Histology and Pathology of the Genital Tract

The female genital tract essentially almost entirely develops from the müllerian duct system embryologically, with part paired and part fused areas, resulting in development of the fallopian tubes, uterus, cervix and upper vagina, in addition to the embryologically distinct ovaries. The female genital tract is lined by a range of different types of epithelium along its length ranging from vaginal squamous epithelium, through uterine columnar epithelium and tubal ciliated epithelium. The ovary is composed of a mixture of germ cells (oocytes) among ovarian stroma and covering epithelium. The range of pathologies encountered may therefore be related to any of the above elements depending on the specific site, age and other aetiological factors, with the most common tumours being related to the underlying histological structures.

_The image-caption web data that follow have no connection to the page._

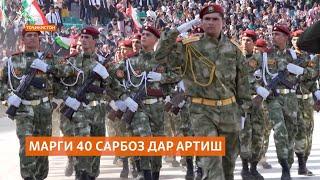 8 кас худкушӣ кард. Марги 40 сарбоз дар як сол дар артиши Тоҷикистон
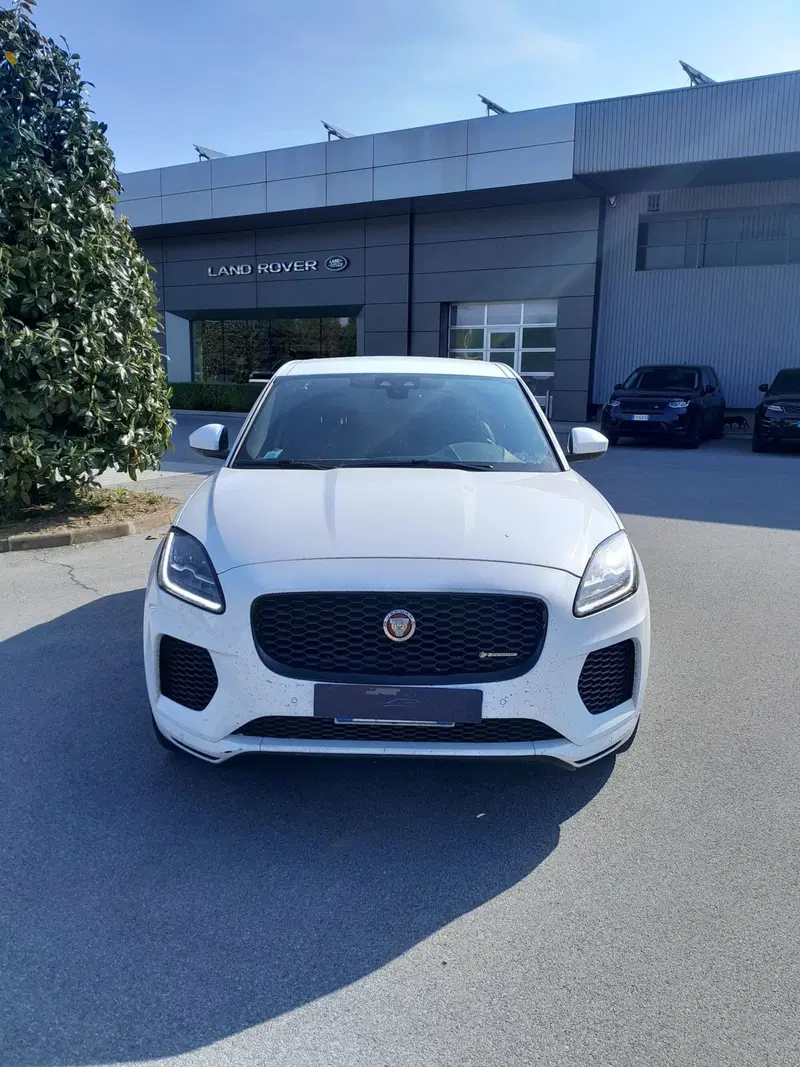 Jaguar E-Pace usata a Cuneo (2)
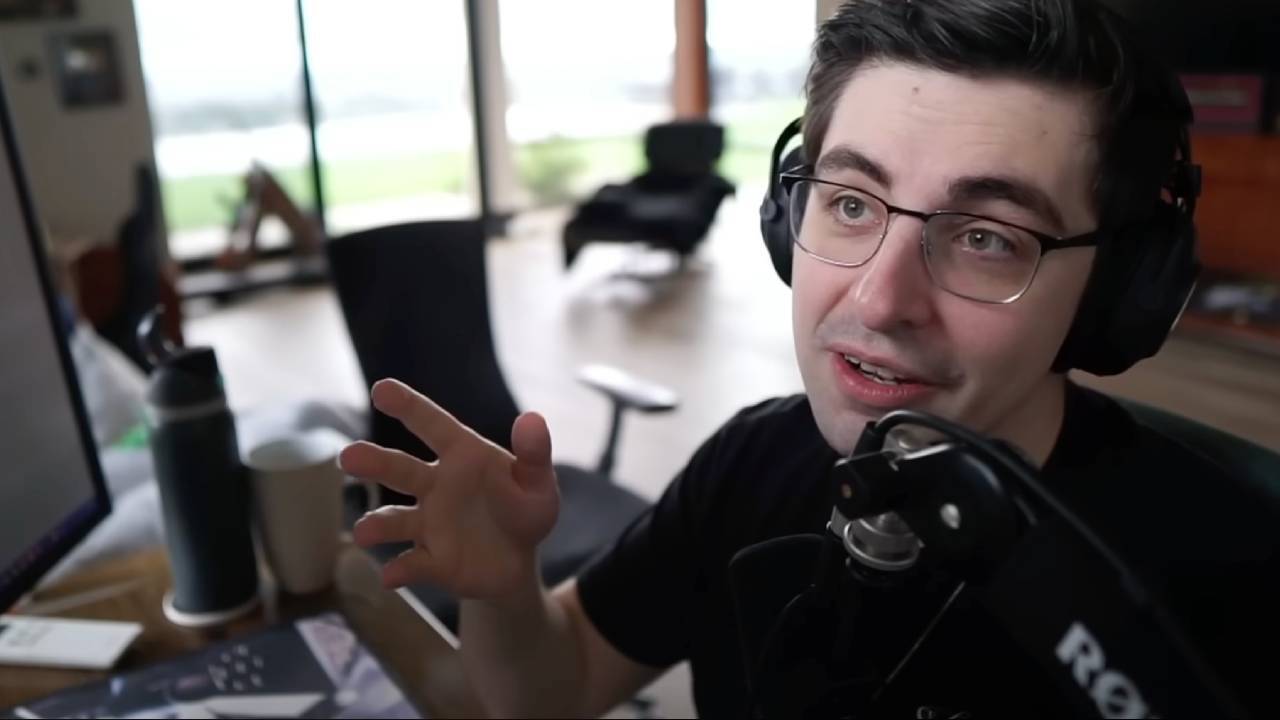 Shroud calls GOTY rigged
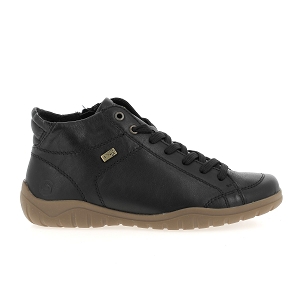 REMONTE D3T70<br>Noir Cuir imperméable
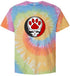 1412 - Custom Stealie Tie-Dye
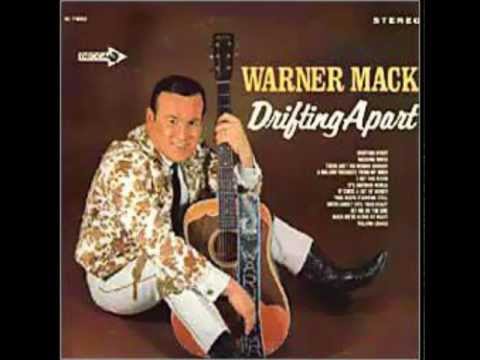 Warner Mack - Time Keeps Standing Still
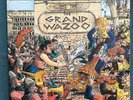 THE GRAND WAZOO - THE MOTHERS-ZAPPA VINYL LP A1/B1 NEAR MINT VINYL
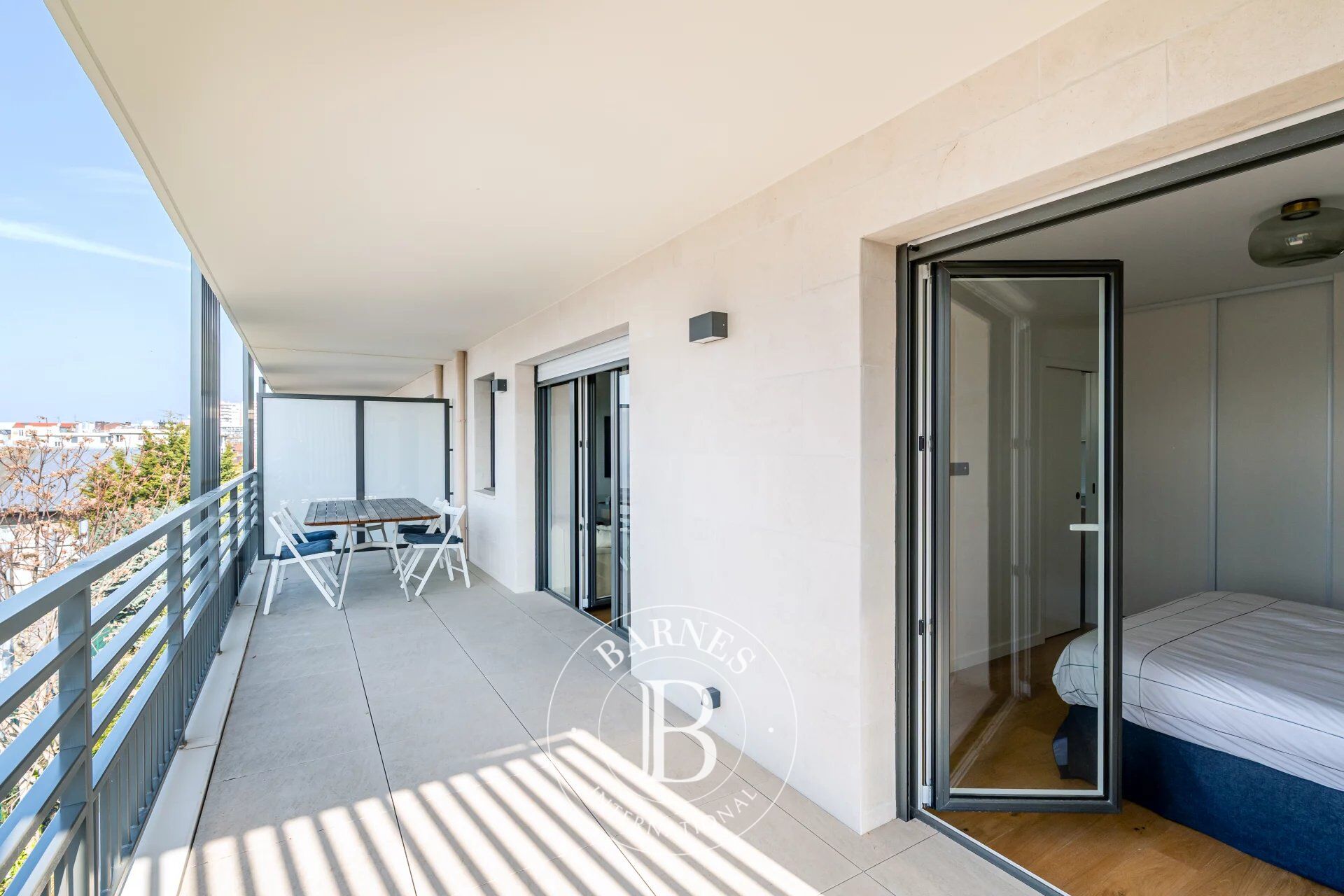 Wohnung Clichy - picture 1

The male genital tract is also composed of paired gonads, with germ cells surrounded by epithelium and connective tissue, connected to the external by a tubal system, but in males the müllerian ducts regress, the functional ductal system being developed from the wolffian system. Therefore, although the potential spectrum of pathologies which may affect male and female gonads is similar, the specific types and distributions of neoplasms significantly differ; for example, across all ages in males, testicular germ cell tumours in younger men represent the most common neoplasms, whereas the predominant neoplasm in females is ovarian carcinoma in older women.